● GOAL OF THE EXERCISE
In the entries that follow, find the line containing "2013 Volvo S60"; from there, copy every line exactly through the line containing "Hot Tub / Spa".
### INPUT DATA
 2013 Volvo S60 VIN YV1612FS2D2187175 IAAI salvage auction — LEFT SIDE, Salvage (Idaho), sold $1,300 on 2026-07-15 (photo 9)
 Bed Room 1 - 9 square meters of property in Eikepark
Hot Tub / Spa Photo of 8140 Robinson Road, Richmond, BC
######
### INPUT DATA
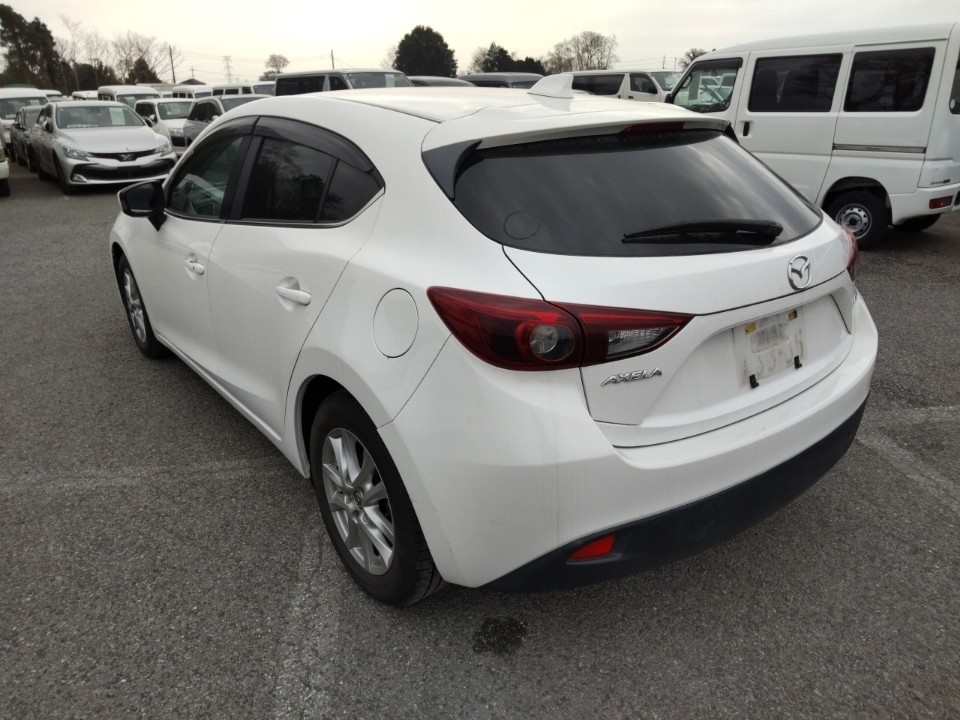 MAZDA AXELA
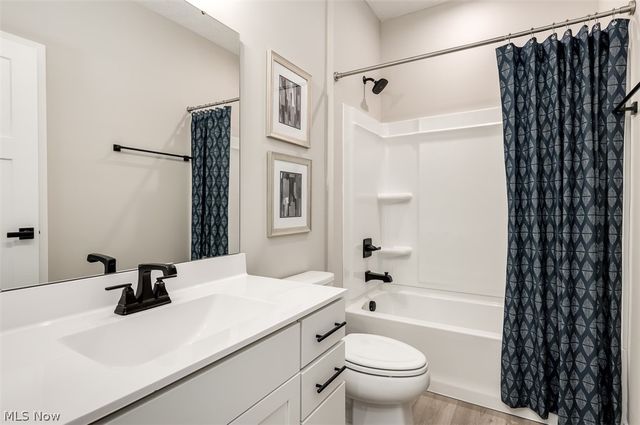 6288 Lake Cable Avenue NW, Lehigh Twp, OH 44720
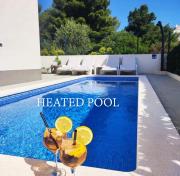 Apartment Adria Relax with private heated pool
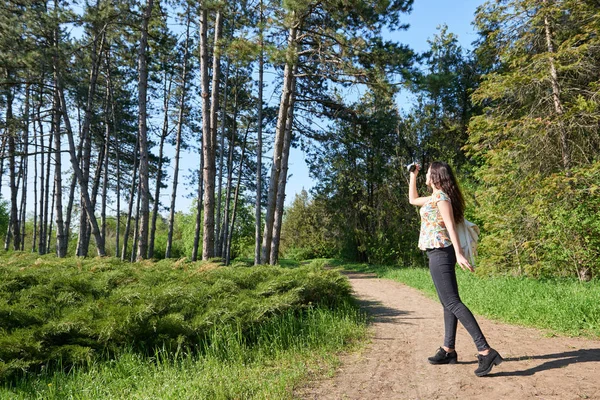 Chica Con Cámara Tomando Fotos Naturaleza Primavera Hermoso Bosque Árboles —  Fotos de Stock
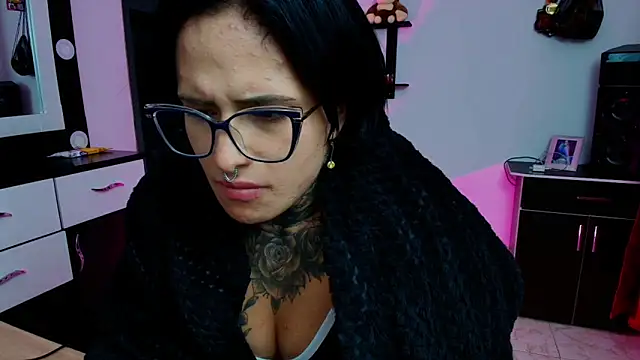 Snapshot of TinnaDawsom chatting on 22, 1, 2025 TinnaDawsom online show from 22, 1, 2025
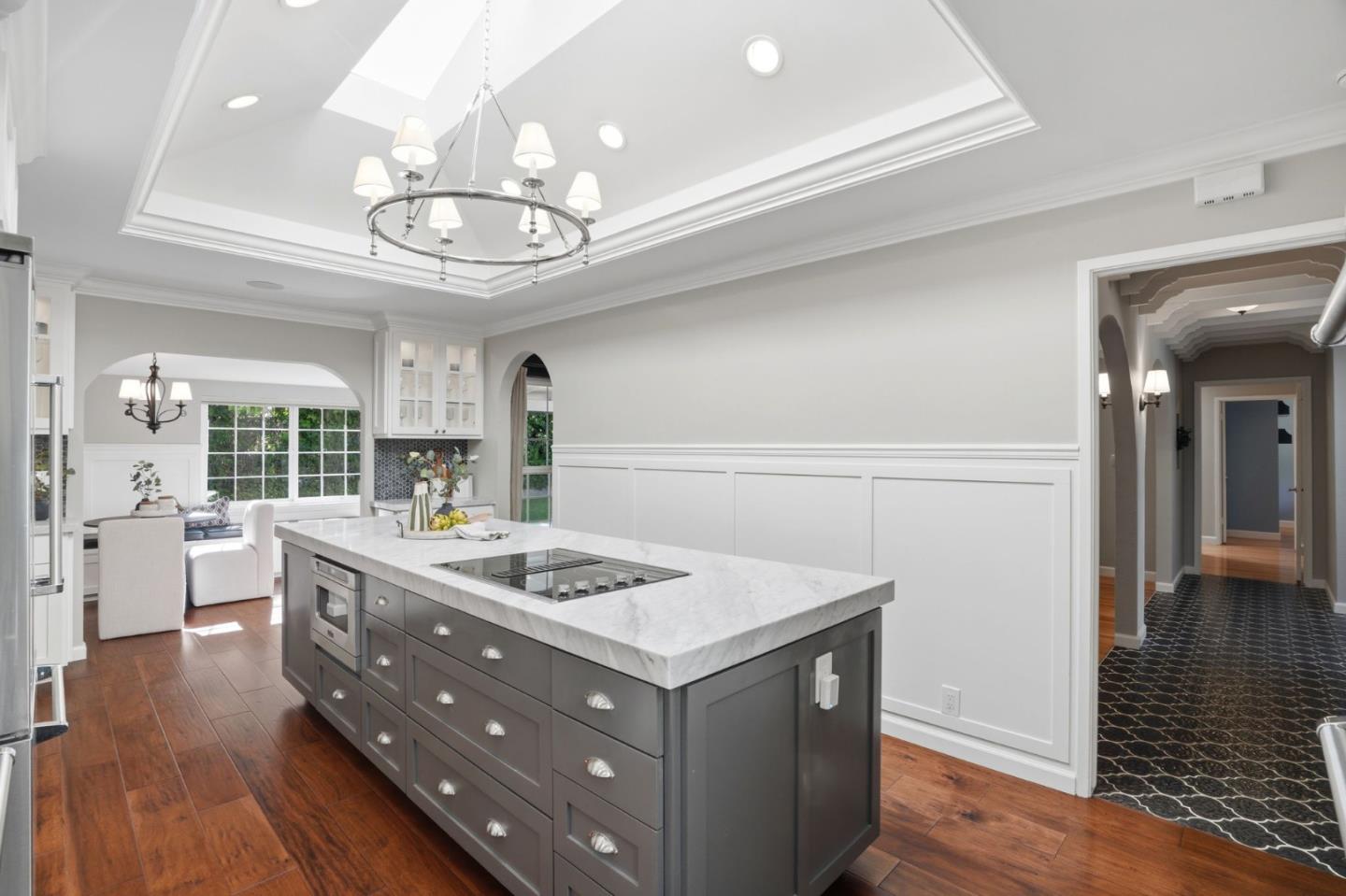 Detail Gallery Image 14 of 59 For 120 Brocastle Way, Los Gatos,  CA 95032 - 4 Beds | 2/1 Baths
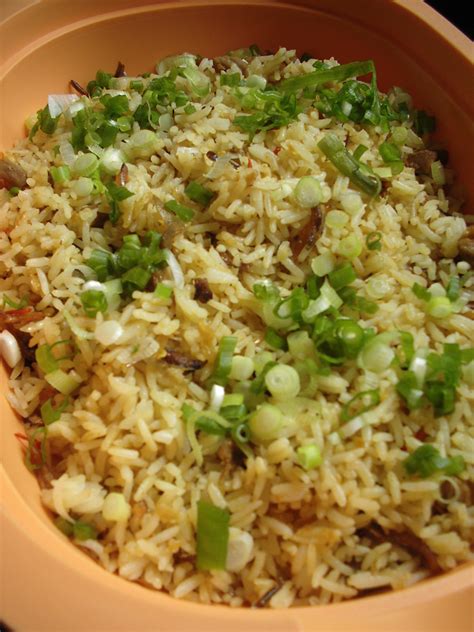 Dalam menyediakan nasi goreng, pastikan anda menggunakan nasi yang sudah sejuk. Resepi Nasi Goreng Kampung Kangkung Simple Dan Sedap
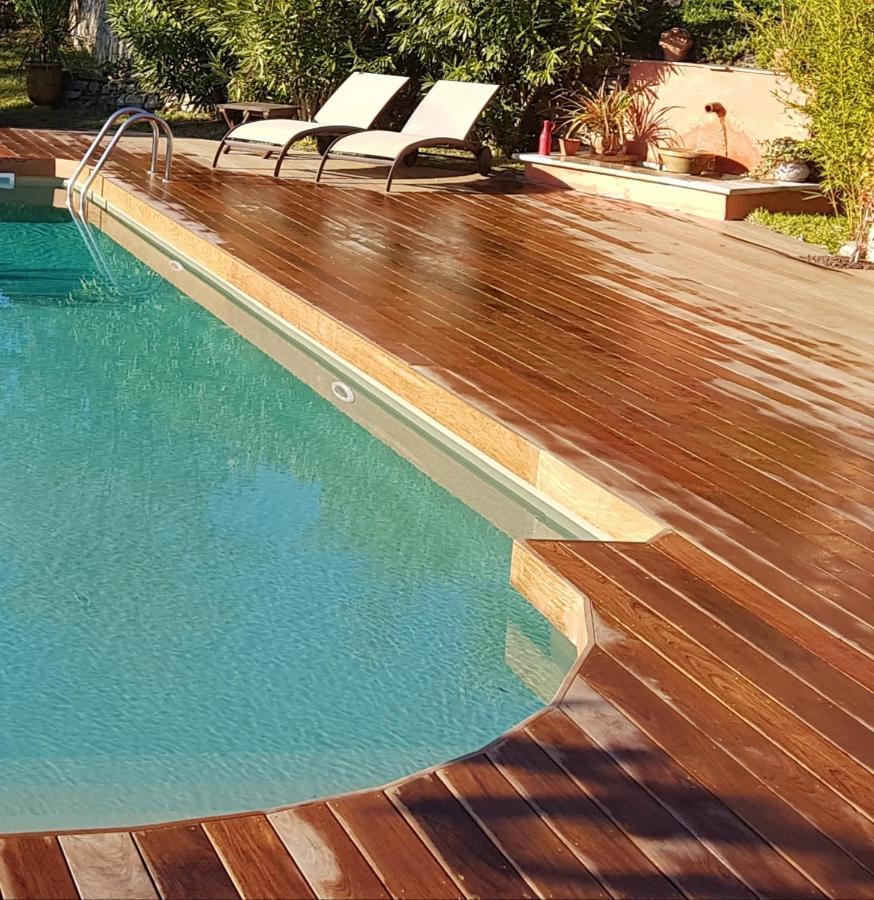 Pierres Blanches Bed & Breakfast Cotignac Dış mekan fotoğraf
######
● ANSWER BOX
 2013 Volvo S60 VIN YV1612FS2D2187175 IAAI salvage auction — LEFT SIDE, Salvage (Idaho), sold $1,300 on 2026-07-15 (photo 9)
 Bed Room 1 - 9 square meters of property in Eikepark
Hot Tub / Spa Photo of 8140 Robinson Road, Richmond, BC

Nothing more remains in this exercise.